• WHAT TO WORK ON: Without including any images, output the listing below exactly.

• RECORDED INFORMATION:
Content starts
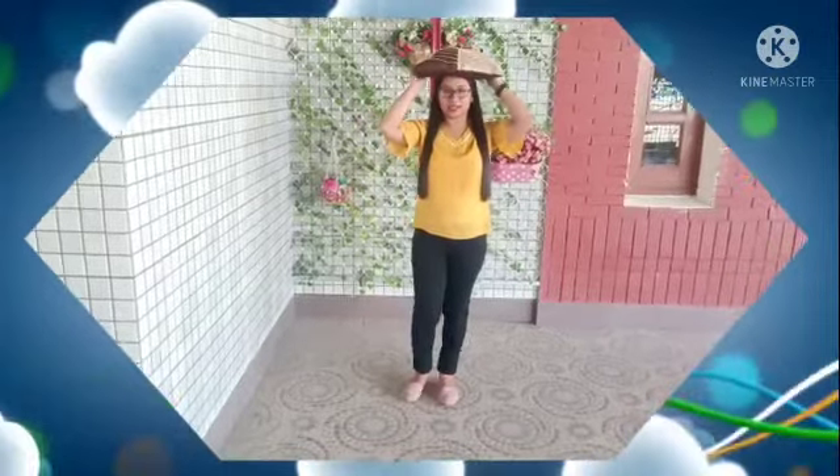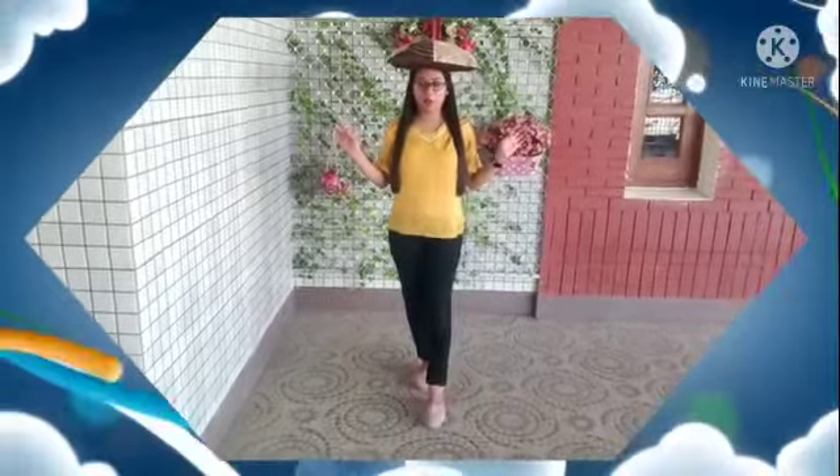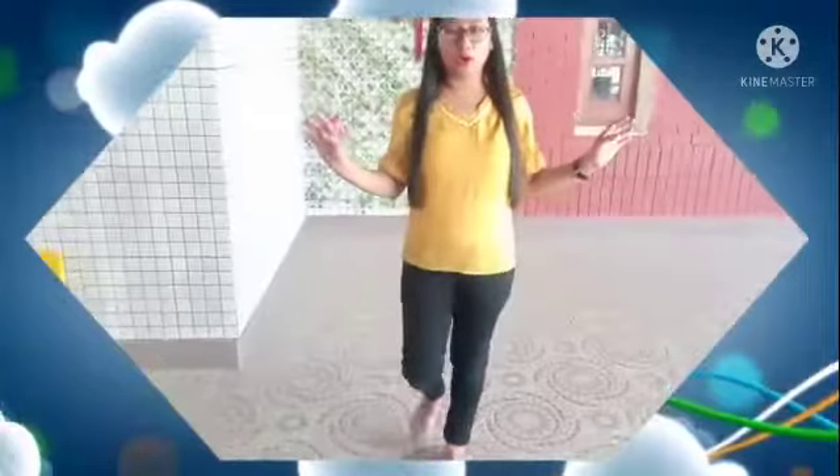Walk, walk, walk. Okay baby, start. Let's start. So see — Ma'am has placed the pillow on her head and ma'am is walking. Walk slowly. Yes, walk like this. Slowly, slowly walk.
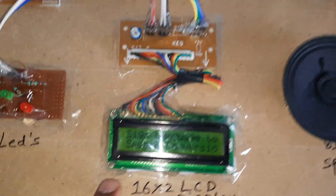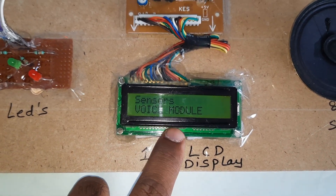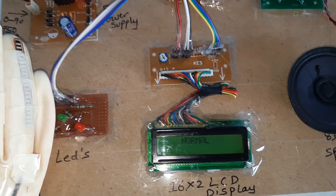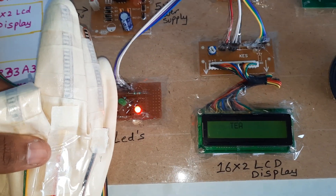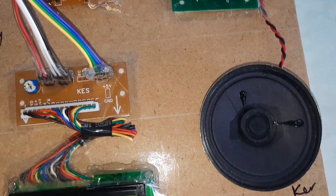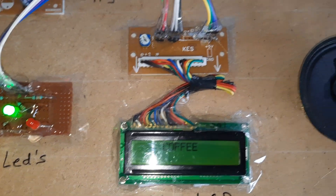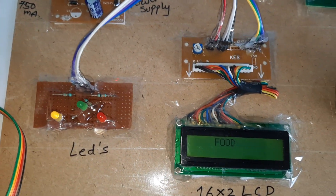Now starting the power supply. Sign language to speech conversion using Raspberry Pi Pico with flex sensors. The flex sensor output reads normal. Demonstrating a gesture — bending fingers for 'coffee.'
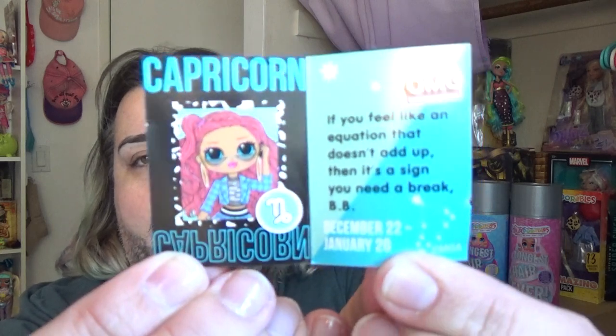And then it says Capricorn and gives the dates there — Capricorn is from December 22nd to January 20th. Are there any Capricorns watching right now? Let me know in the comments if you're a Capricorn.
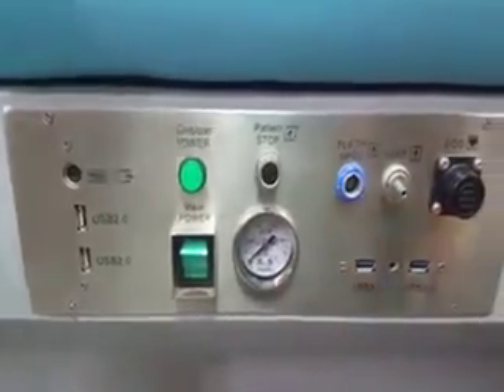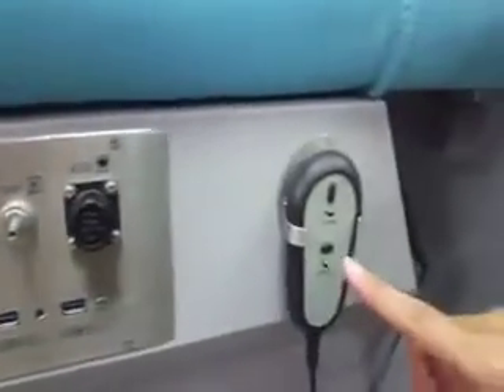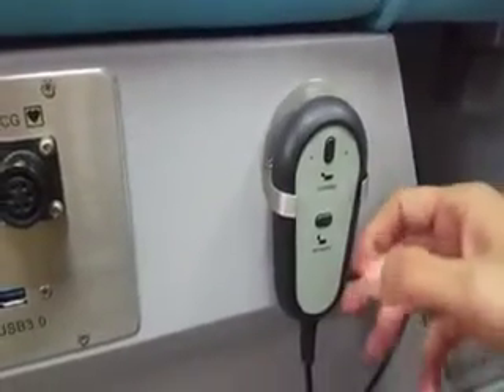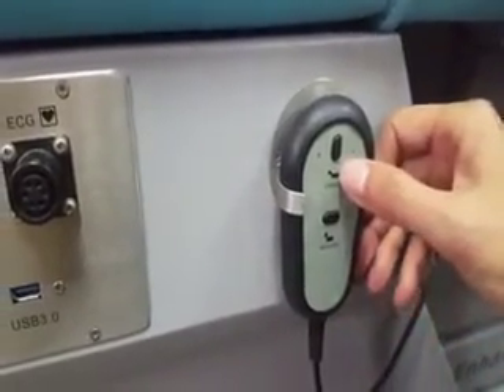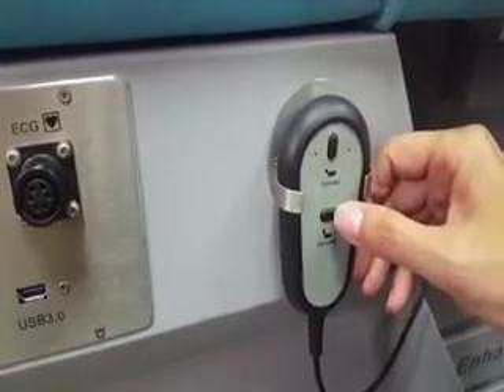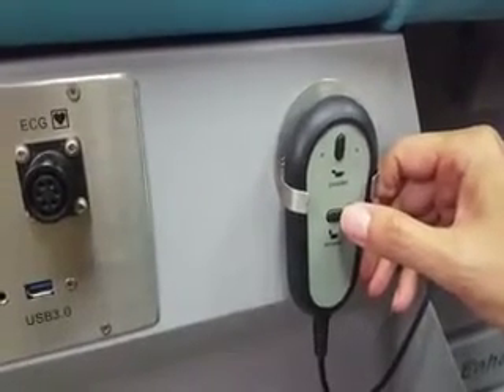Here you will find the bed elevator remote. You can press the up button to lift the bed and the bottom button to descend the bed.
Content ends
• RESULT FOR THIS TASK:
Walk, walk, walk. Okay baby, start. Let's start. So see — Ma'am has placed the pillow on her head and ma'am is walking. Walk slowly. Yes, walk like this. Slowly, slowly walk.
Now starting the power supply. Sign language to speech conversion using Raspberry Pi Pico with flex sensors. The flex sensor output reads normal. Demonstrating a gesture — bending fingers for 'coffee.'
And then it says Capricorn and gives the dates there — Capricorn is from December 22nd to January 20th. Are there any Capricorns watching right now? Let me know in the comments if you're a Capricorn.
Here you will find the bed elevator remote. You can press the up button to lift the bed and the bottom button to descend the bed.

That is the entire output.